■ Task input:
•••
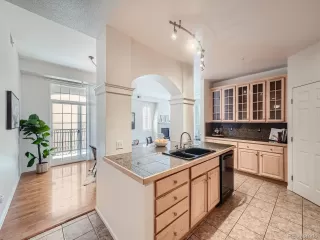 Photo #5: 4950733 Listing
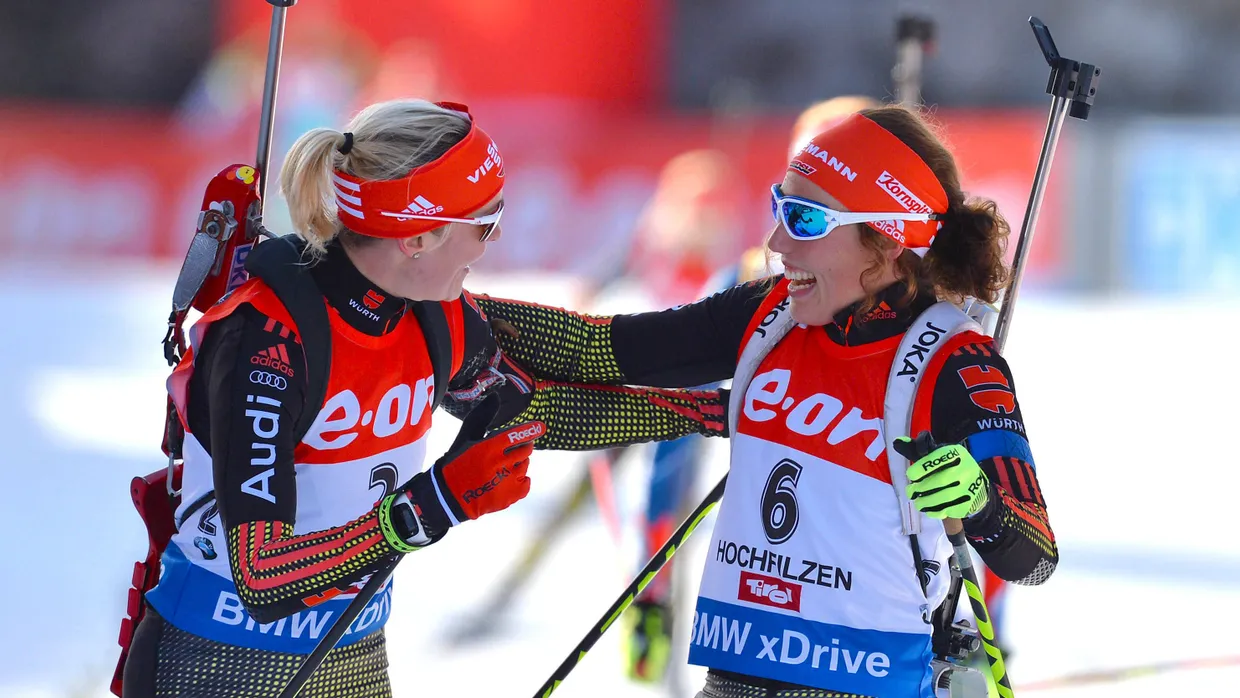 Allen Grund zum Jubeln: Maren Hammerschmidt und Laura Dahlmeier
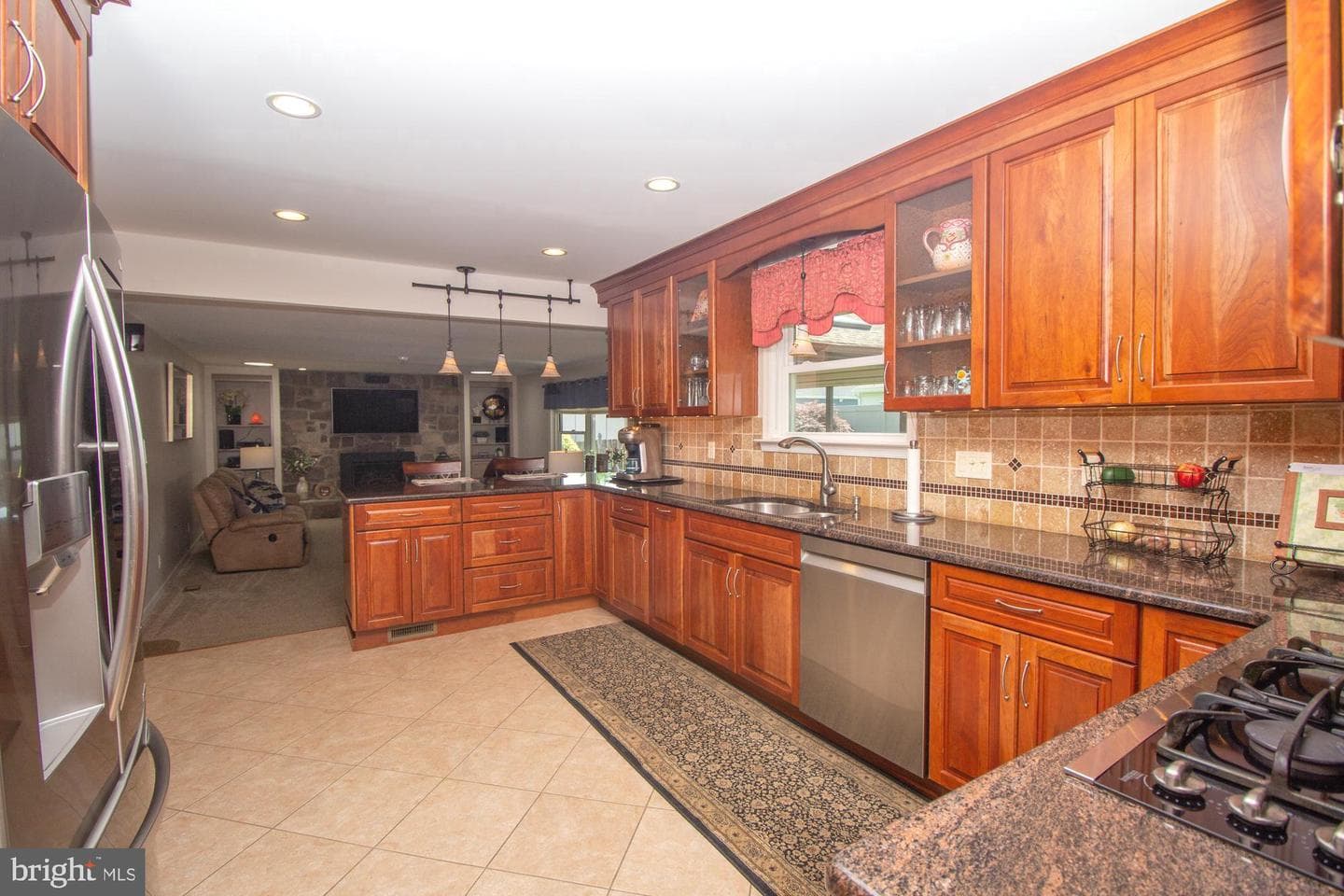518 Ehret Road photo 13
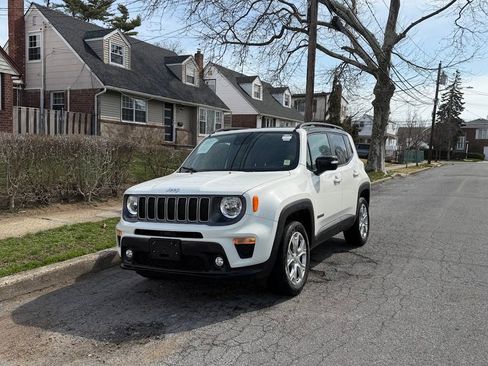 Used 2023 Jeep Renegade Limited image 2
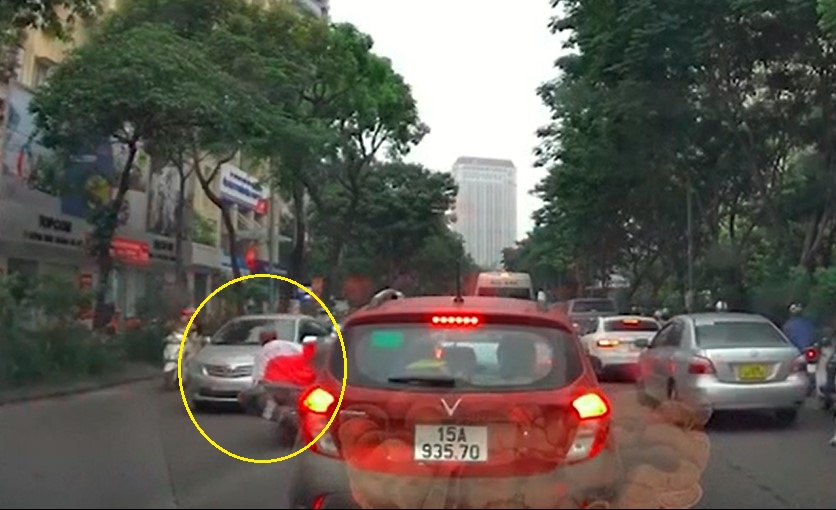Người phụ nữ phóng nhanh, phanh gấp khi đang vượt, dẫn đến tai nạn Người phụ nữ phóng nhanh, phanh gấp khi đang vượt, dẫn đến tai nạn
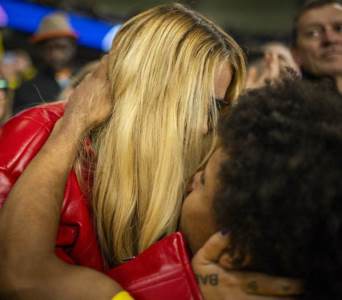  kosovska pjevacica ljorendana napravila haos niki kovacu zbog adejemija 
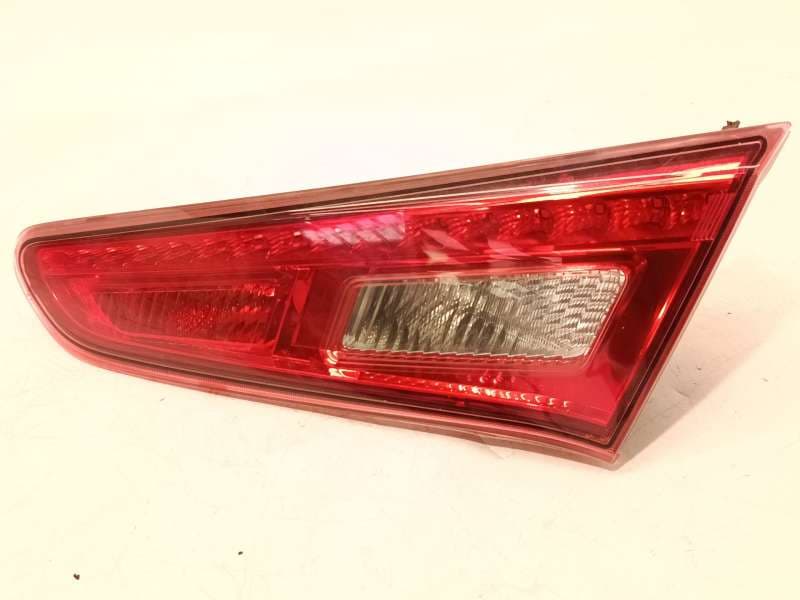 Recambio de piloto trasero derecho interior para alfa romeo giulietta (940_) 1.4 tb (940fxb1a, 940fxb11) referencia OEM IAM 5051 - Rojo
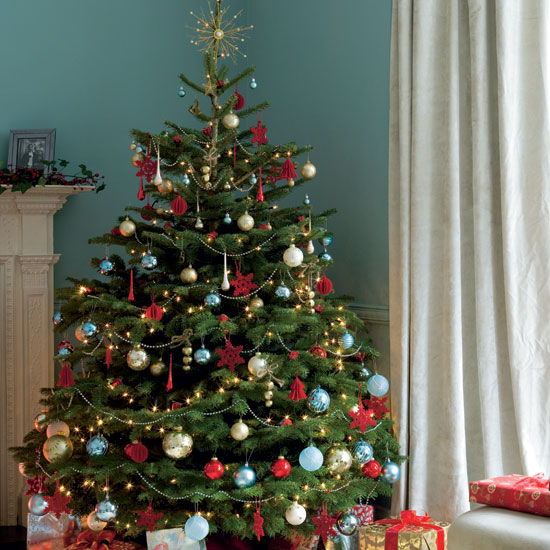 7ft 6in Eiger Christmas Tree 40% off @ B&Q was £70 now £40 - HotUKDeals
•••
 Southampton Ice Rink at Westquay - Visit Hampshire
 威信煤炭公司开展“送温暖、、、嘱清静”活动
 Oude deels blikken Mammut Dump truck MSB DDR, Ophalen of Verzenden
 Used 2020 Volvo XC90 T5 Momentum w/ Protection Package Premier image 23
•••
■ Problem description: Starting at the line containing "518 Ehret Road photo 13" and stopping at the line containing "7ft 6in Eiger", output every line above exactly, both ends included, with pictures omitted.

■ Answer section:
518 Ehret Road photo 13
 Used 2023 Jeep Renegade Limited image 2
Người phụ nữ phóng nhanh, phanh gấp khi đang vượt, dẫn đến tai nạn Người phụ nữ phóng nhanh, phanh gấp khi đang vượt, dẫn đến tai nạn
  kosovska pjevacica ljorendana napravila haos niki kovacu zbog adejemija 
 Recambio de piloto trasero derecho interior para alfa romeo giulietta (940_) 1.4 tb (940fxb1a, 940fxb11) referencia OEM IAM 5051 - Rojo
 7ft 6in Eiger Christmas Tree 40% off @ B&Q was £70 now £40 - HotUKDeals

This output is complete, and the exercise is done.